● THE DATA
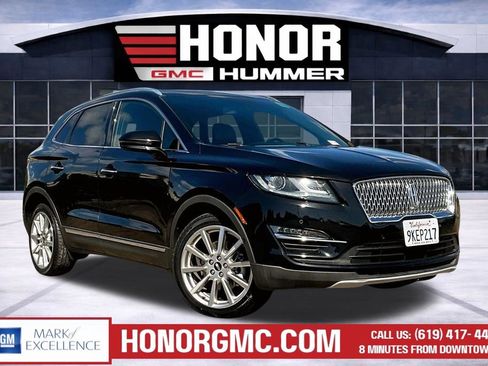 Used 2019 Lincoln MKC Reserve w/ MKC Technology Package FWD image 1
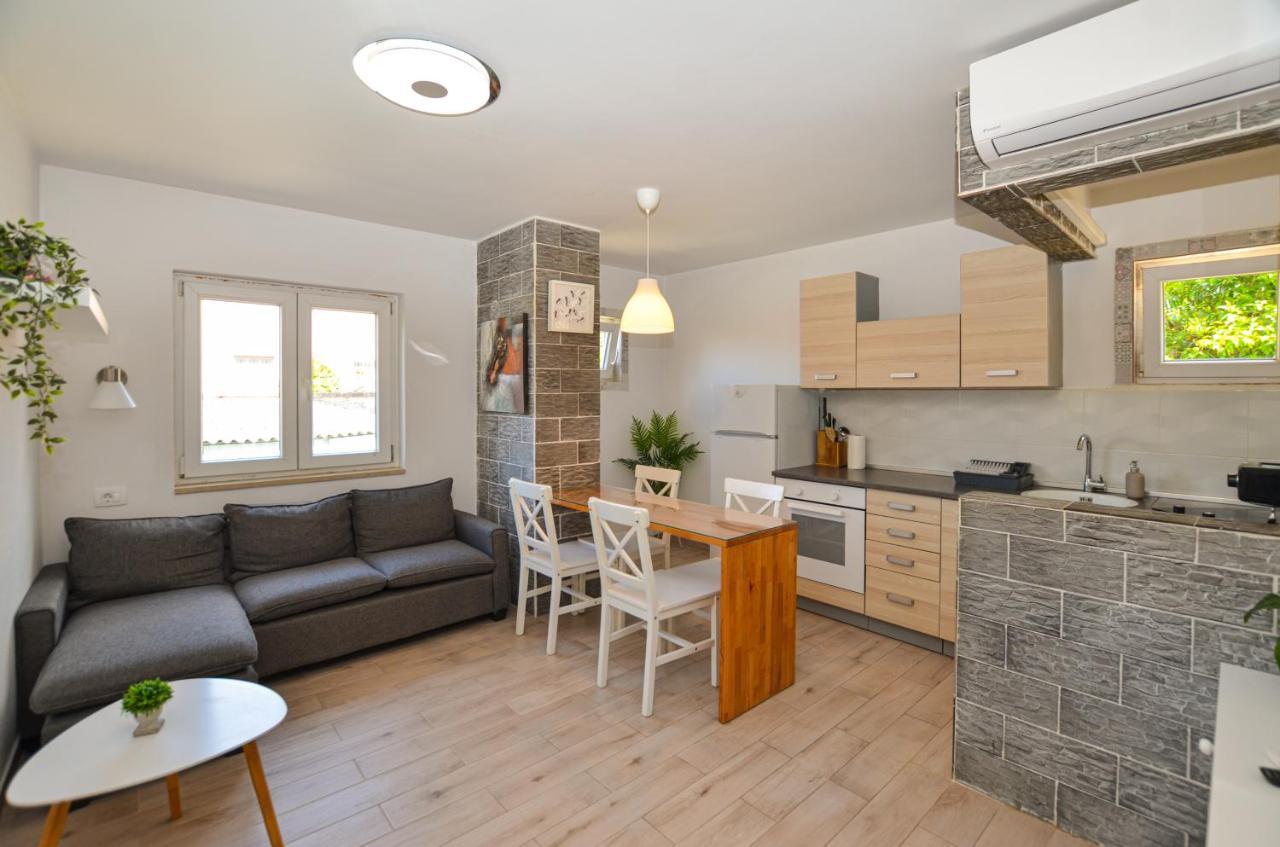 Apartments Iris Rovinj Eksteriør billede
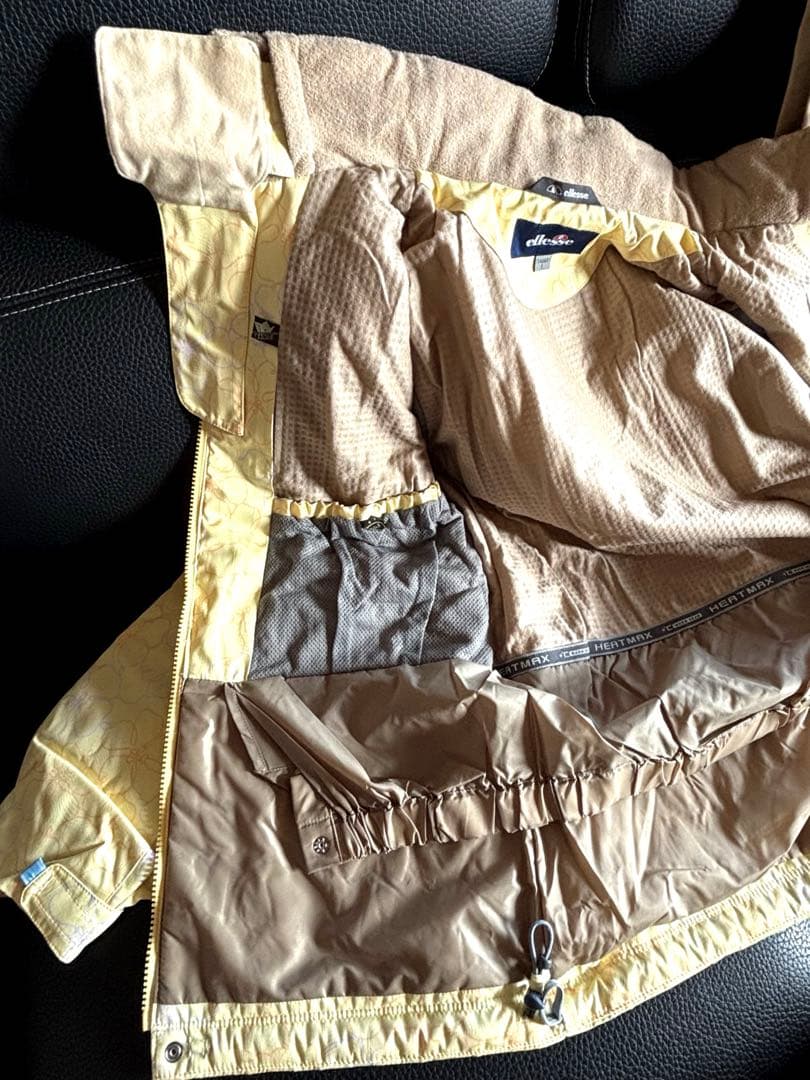 スキーウェア(女性用) フード付き淡い黄色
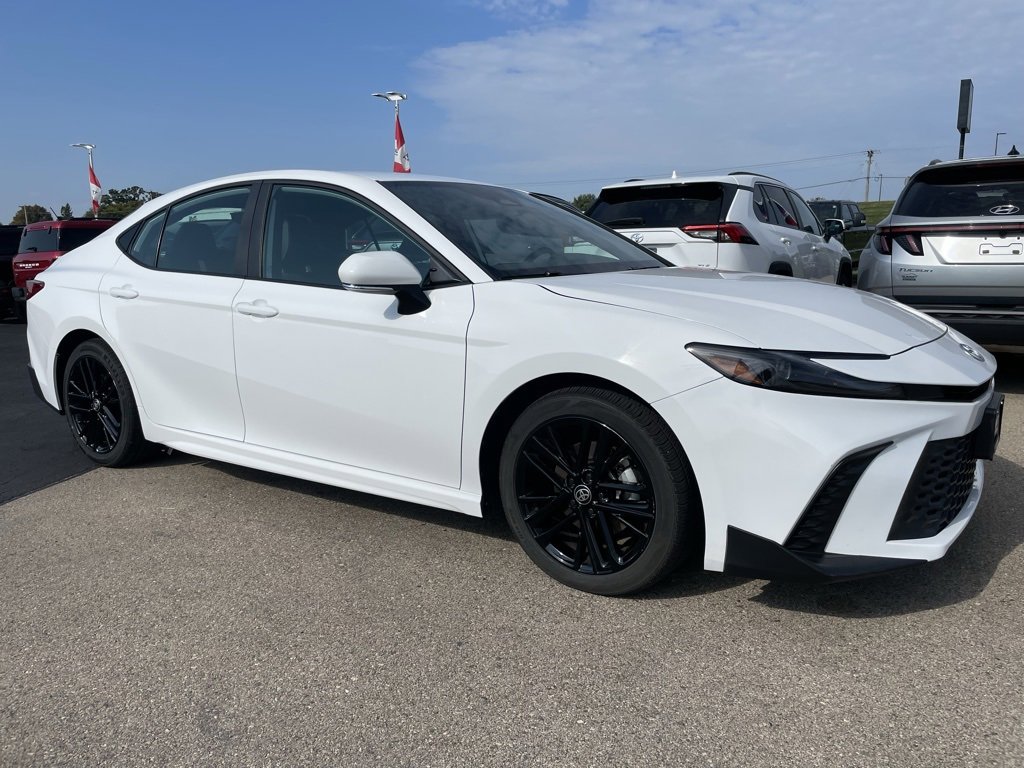 Used 2025 Toyota Camry SE image 2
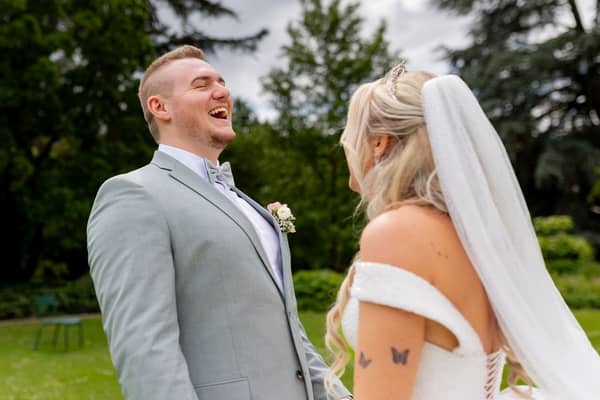 Brautpaarshooting Weinheim Schlossgarten Heidelberg Freie Trauung 4K8A5592 Ff26d148 1500.Bb 2VA5Y brautpaarshooting-weinheim-schlossgarten-heidelberg-freie-trauung-4K8A5592-ff26d148-1500.jpg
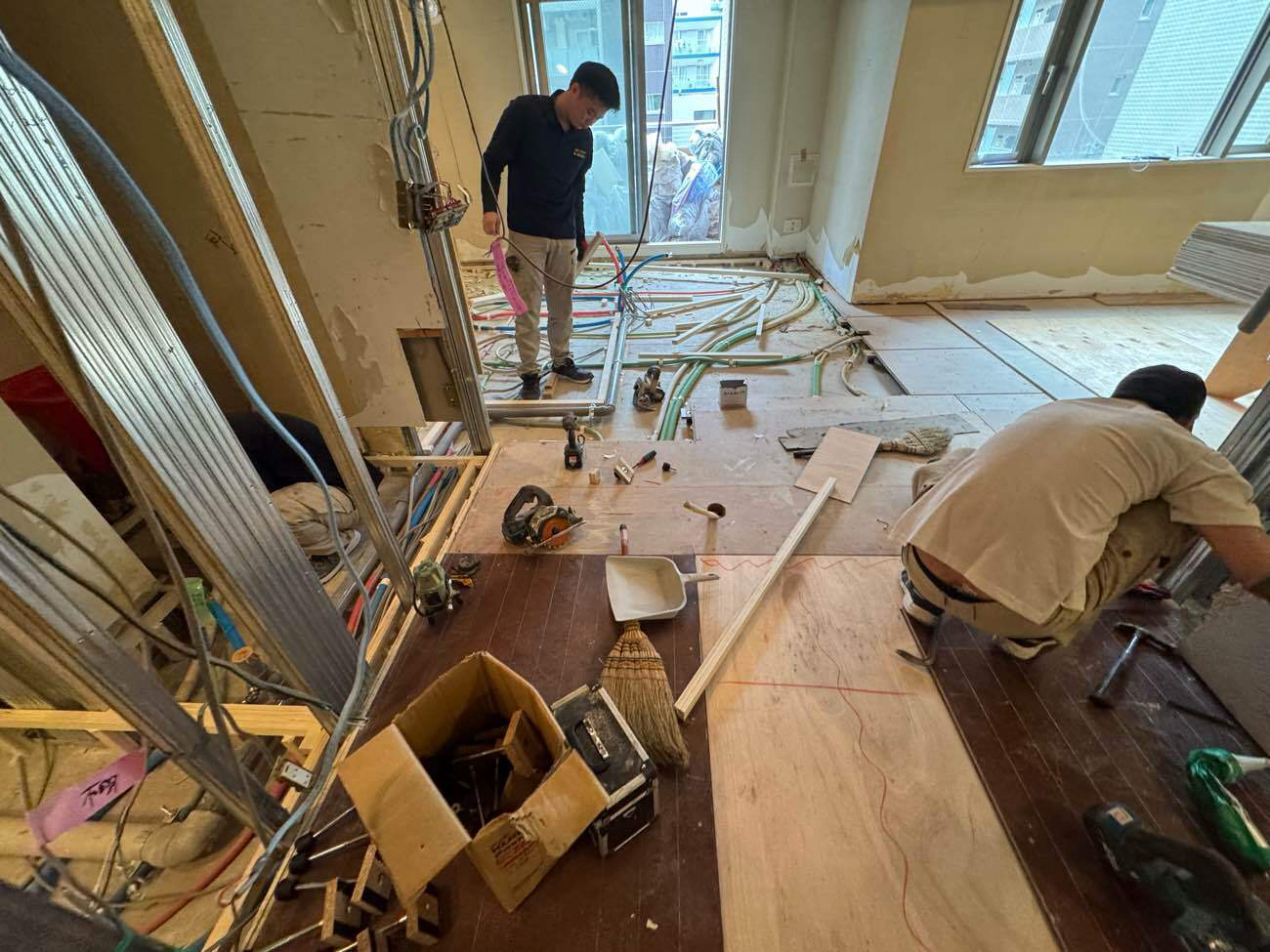 東京都中央区にて、マンションの置床工事を行いました。（乾式二重床）【秀和建工】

● WHAT TO WORK ON
Each line from the one holding "Brautpaarshooting Weinheim Schlossgarten" to the end of the records above must be copied exactly; the pictures must not be copied.

● OUTPUT FOR THIS EXERCISE
 Brautpaarshooting Weinheim Schlossgarten Heidelberg Freie Trauung 4K8A5592 Ff26d148 1500.Bb 2VA5Y brautpaarshooting-weinheim-schlossgarten-heidelberg-freie-trauung-4K8A5592-ff26d148-1500.jpg
 東京都中央区にて、マンションの置床工事を行いました。（乾式二重床）【秀和建工】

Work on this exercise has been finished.